First base: Prince Fielder, Rangers

The move to Texas was supposed to rejuvenate Fielder's bat after a productive, but un-Fielder-like 2013. Instead, he's gone deep just three times since joining the Rangers and is hitting the ball on the ground much more than he ever has. While he's walking more and striking out less than he did in Detroit, Fielder's size and lack of speed leave him ill-equipped to beat out infield grounders, and infielders are able to play much further back than they would against a speedier hitter. That means he needs to mash, or at least hit the gaps, and that hasn't been happening in 2014. He's not striking out often, so it's not as if pitchers are just blowing it by him with regularity now that he's 30 years old. Something isn't right with his swing or approach, though, considering all those balls on the ground.

485347965.0Photo credit: Tom Pennington

Second base: Brandon Phillips, Reds

I'm not worried about Dan Uggla being done. I'm sure Uggla is done. Semantics! Phillips got a lot of positive press last year for winning a Gold Glove and driving in 103 runs, but he's been in decline since 2012. This year, he's hitting .281/.304/.412 and striking out five times for every walk. While he's hitting far more balls in the air than ever before, almost a quarter of them are in the infield. He also seems to have lost a step on the bases, where he's 5-for-10 on steals since the start of 2013. Almost 33, Phillips is around that age when second basemen tend to break down physically and see their skills erode. The Reds, meanwhile, are still on the hook for three more years.

Third base: Mike Moustakas, Royals

Moustakas never developed anything like an effective approach at the plate, and in more than 1,600 career plate appearances has an on-base percentage of .290 and just 40 homers to his name. While last year (.233/.287/.364) seemed like rock bottom, Moustakas has just kept on digging and is at .161/.226/.348 even after his game-winning hit and vote of confidence on Wednesday. How often do you see a club farm out its home run leader? At this point, that would be a mercy.

Shortstop: Jose Reyes, Blue Jays

This is a weird thing to say about a guy in the middle of a seven-game hitting streak, but in fairness, he's only had one multi-hit game in that stretch. At some point, all of his injuries are going to take enough of a toll that he will decline precipitously. Now, on the wrong side of 30 and suffering again through leg problems, Reyes has hit just barely raised his OBP above .300 and is hitting just .220. He's striking out much more since coming over to the American League last year, and he's no longer an above-average defender. There's a lot of random variance in his 113 plate appearances, and Reyes is only here because Team May Concern needs a shortstop. But I keep thinking that Reyes is a bomb, and any rough start (especially coming off of an injury) could be an indication that his fuse is lit.

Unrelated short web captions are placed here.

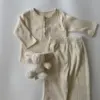 버터버튼티 아이2 <b>Aosta上衣</b>Autumn 버터버튼티 60-115cm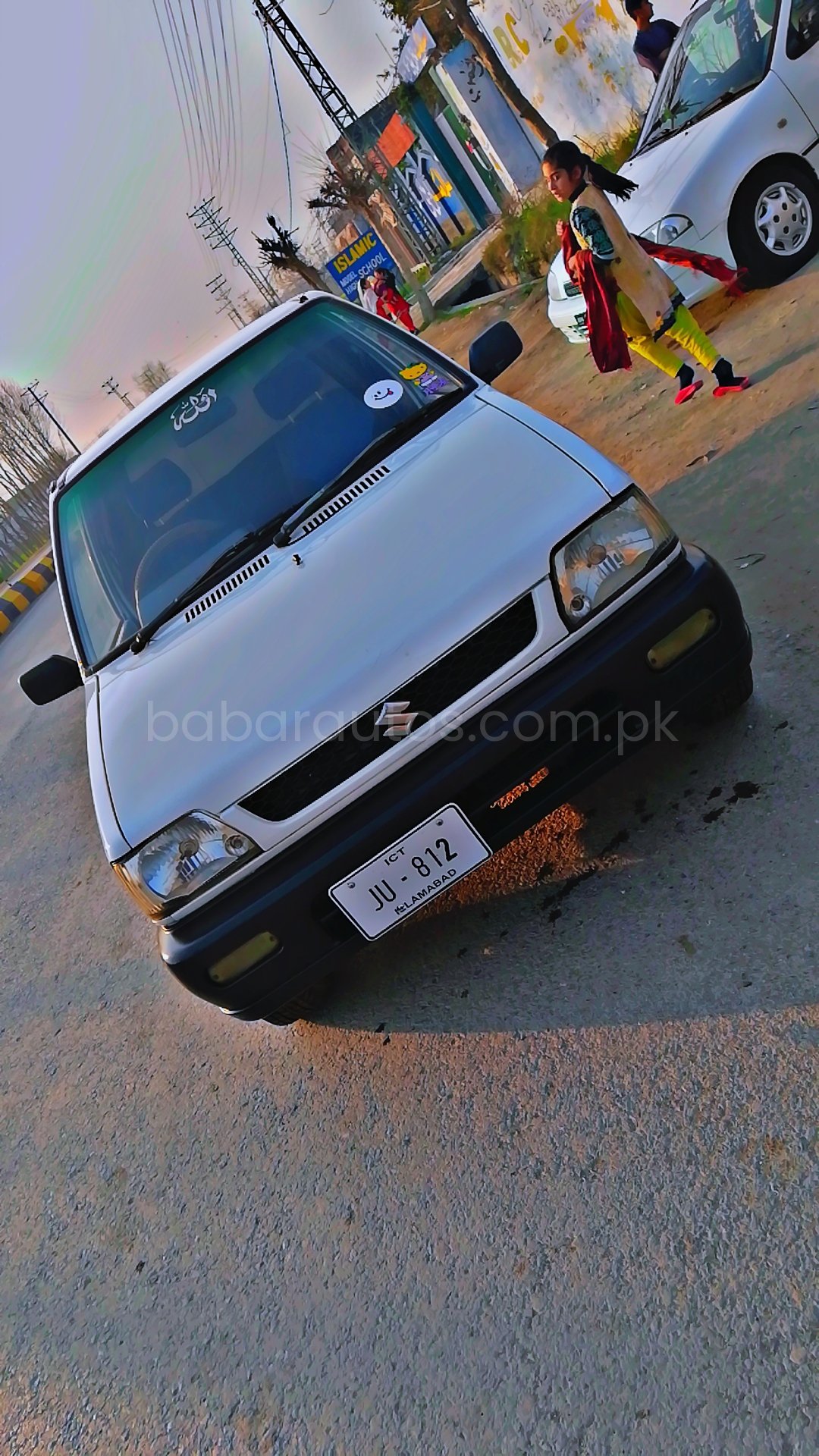 Alto Mehran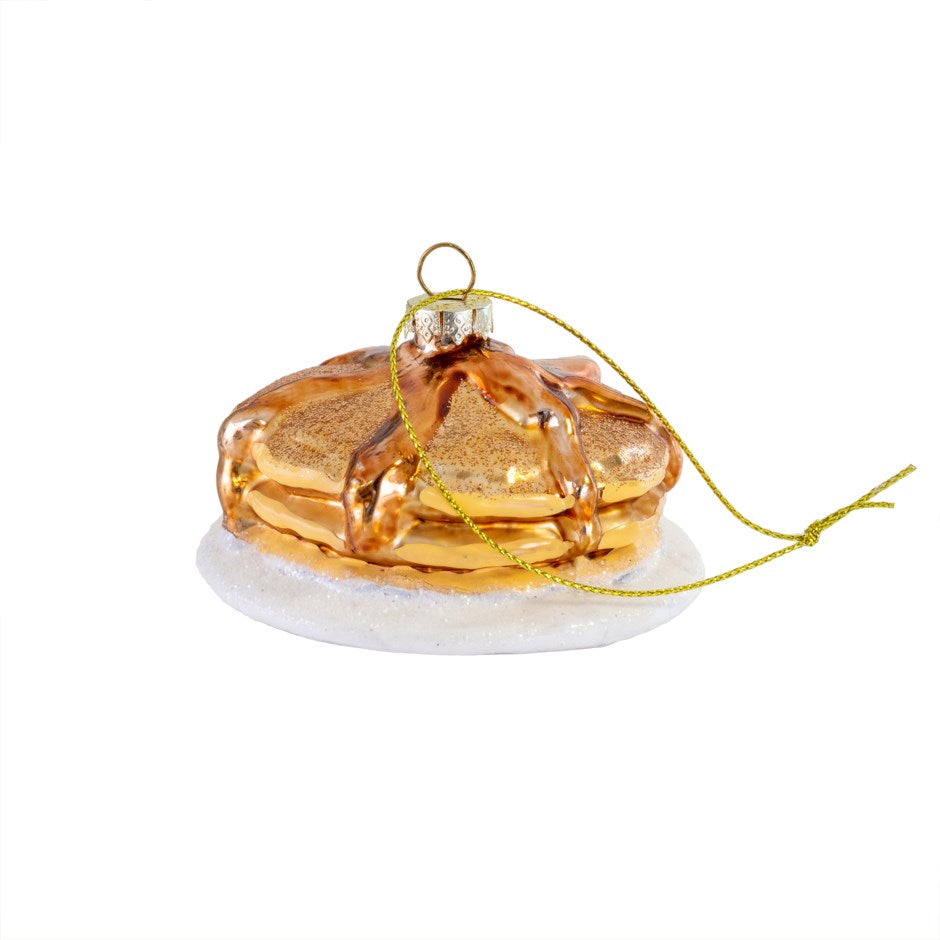 Stack of Pancakes Ornament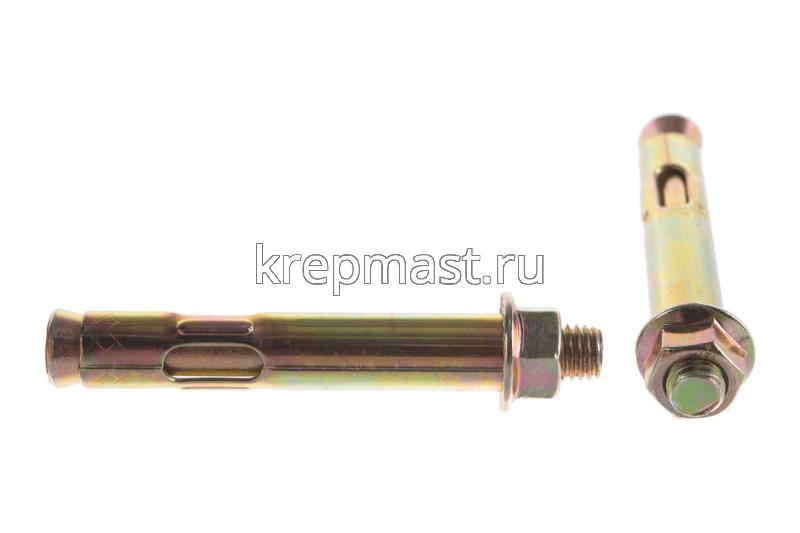 Анкер с гайкой 16х110(111)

Outfield: Ben Revere, Phillies

This is very difficult for me. I love Ben Revere like I love my children. Maybe more. I'm incapable of being rational about Ben Revere. Nevertheless, he's a leadoff-type hitter with just three walks this year and a .284 on-base percentage. Given that his speed is really his only asset as a ballplayer, earning him infield hits and allowing him to create havoc on the basepaths (and recover from his route-running mistakes in the outfield), he has nothing to fall back on if he can't get on base. Unless he can figure out new ways to do that, he's utterly useless.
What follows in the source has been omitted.